Séances vendredi 18 Novembre 2022

Rolf Große,

Les impostures de l’abbé Suger

Suger compte parmi les personnalités les plus emblématiques du XII e siècle. Donné dès son enfance à l’abbaye de Saint-Denis, il assume en jeune moine des tâches importantes avant d’être élu abbé en 1122. Il entretient des relations aussi étroites avec la curie pontificale qu’avec la cour royale. Le chœur de l’église abbatiale qu’il a fait construire est considéré comme un des ouvrages fondateurs de l’architecture gothique. La position de Suger semble avoir été exceptionnelle. Mais nos connaissances reposent en grande partie sur ses témoignages personnels, notamment le De administratione. Or ces témoignages ne sont pas exempts d’une tendance à exagérer son propre rôle. La comparaison avec d’autres sources ne relativise pas seulement ses exploits, mais montre également qu’il n’hésitait pas à altérer les faits.

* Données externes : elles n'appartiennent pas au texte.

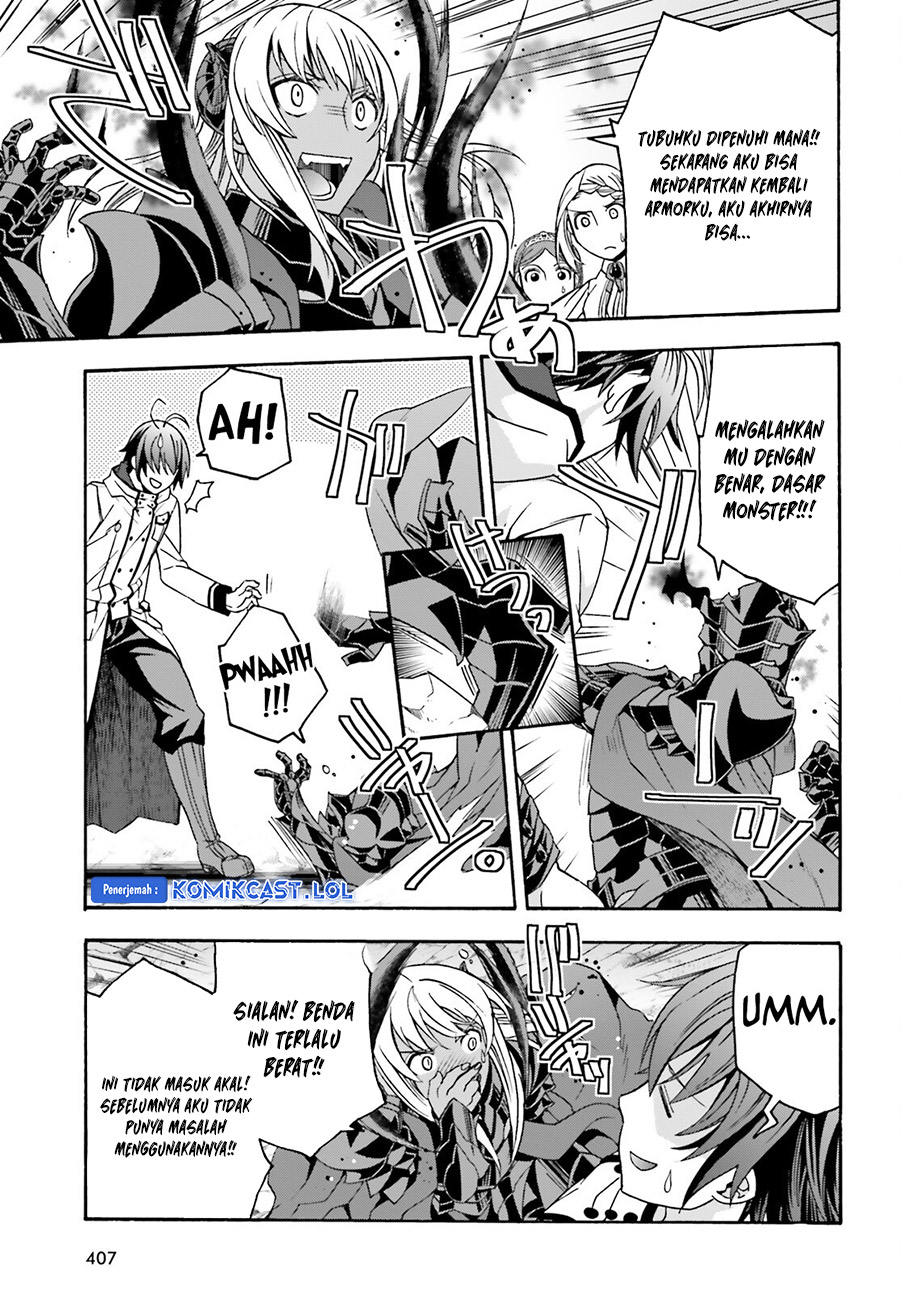 The Wrong Way to use Healing Magic Chapter 65 - halaman 36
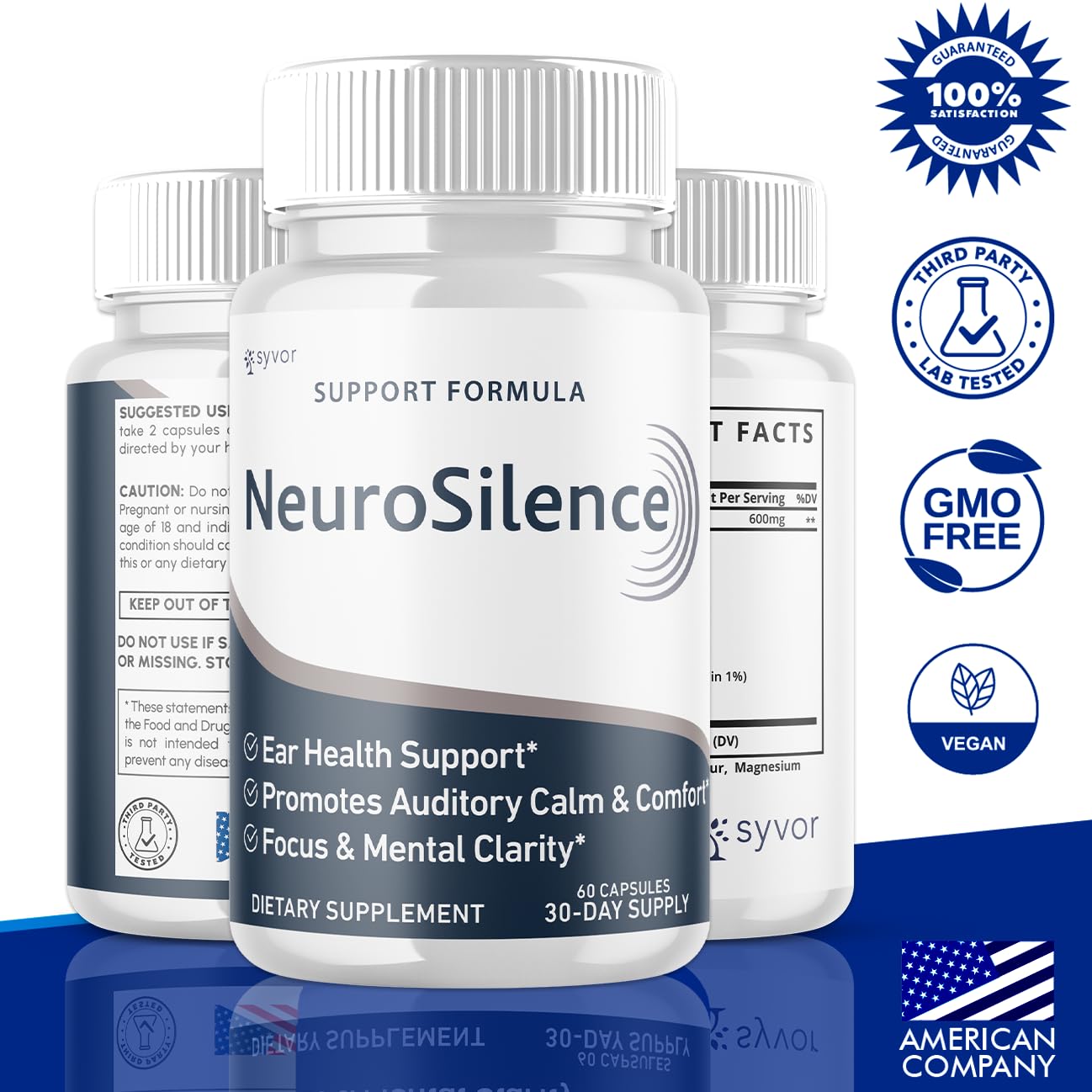 Syvor Neurosilence 300 Capsules
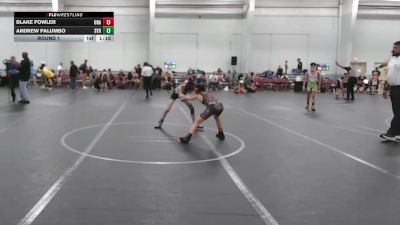 72 lbs Round 1 - Blake Fowler, Unattached vs Andrew Palumbo, Syosset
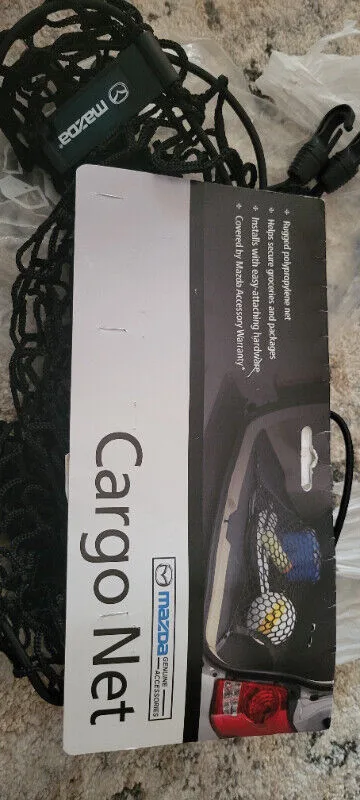 Mazda 5 cargo net (5 doors) *NEW* OBO thumbnail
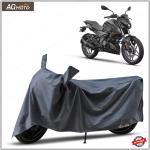 AG MOTO Bajaj Pulsar N250 bike cover Water Resistant Dust Proof Protection in All Weather Grey
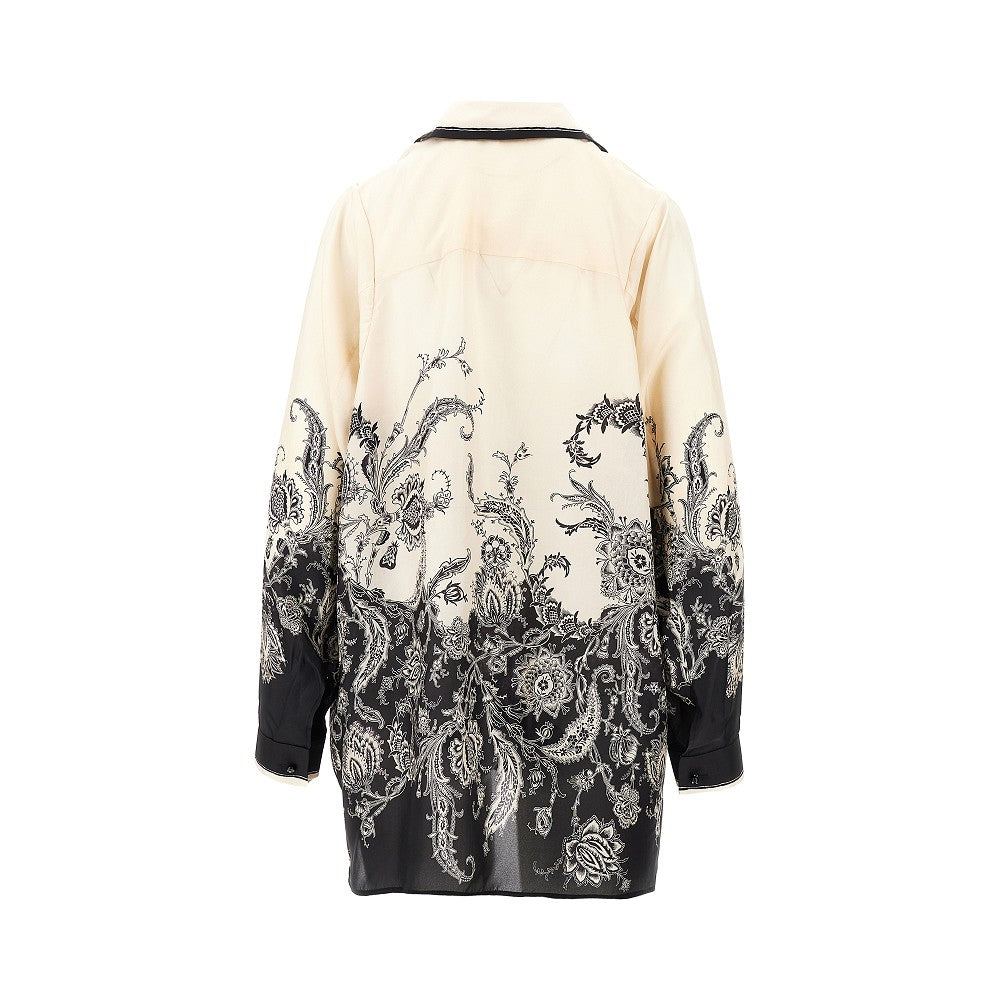 Camicia in seta 'Rhiannon'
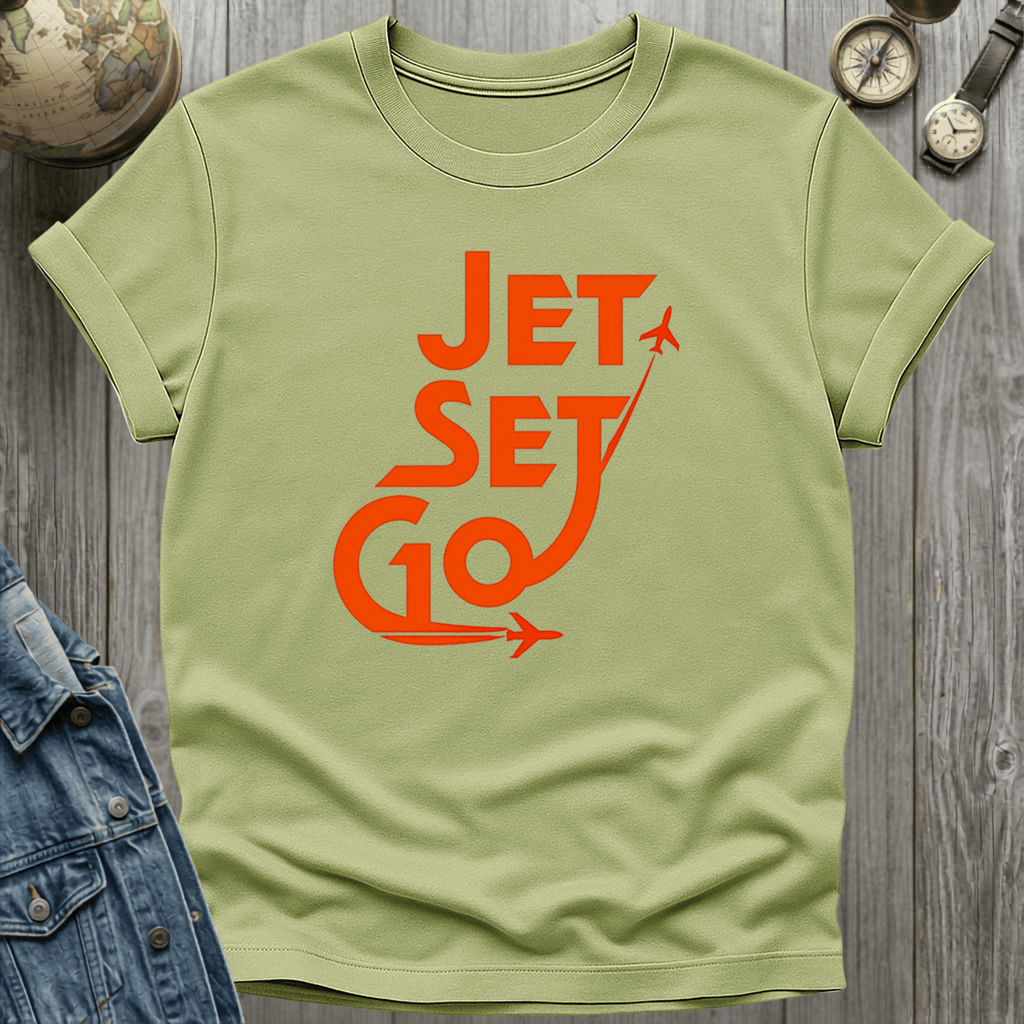 Jet Set Go T-Shirt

Il a ainsi passé sous silence certaines réussites de son prédécesseur Adam pour les créditer sur son propre compte. S’il s’est servi de ces moyens d’imposture, ce n’est pas la soif de gloire qui l’a poussé à le faire, mais le souci du salut. Dans le prologue de son De administratione, il écrit que les frères lui ont demandé de le rédiger et qu’en contrepartie, ils lui ont promis « les prières instantanées et perpétuelles de tous les frères à venir pour le salut de (son) âme ». Cela correspond au zèle particulier de Suger à fonder des célébrations liturgiques à Saint-Denis, qui servaient à la mémoire non seulement des rois mais aussi de lui-même. Il pensait dépendre de la prière des moines pour son salut. Il ne se fiait pas à la parole de l’apôtre Paul, dont saint Denis était considéré comme le disciple, selon laquelle l’homme est justifié par sa foi en Jésus-Christ, non pas par le mérite, mais par la grâce.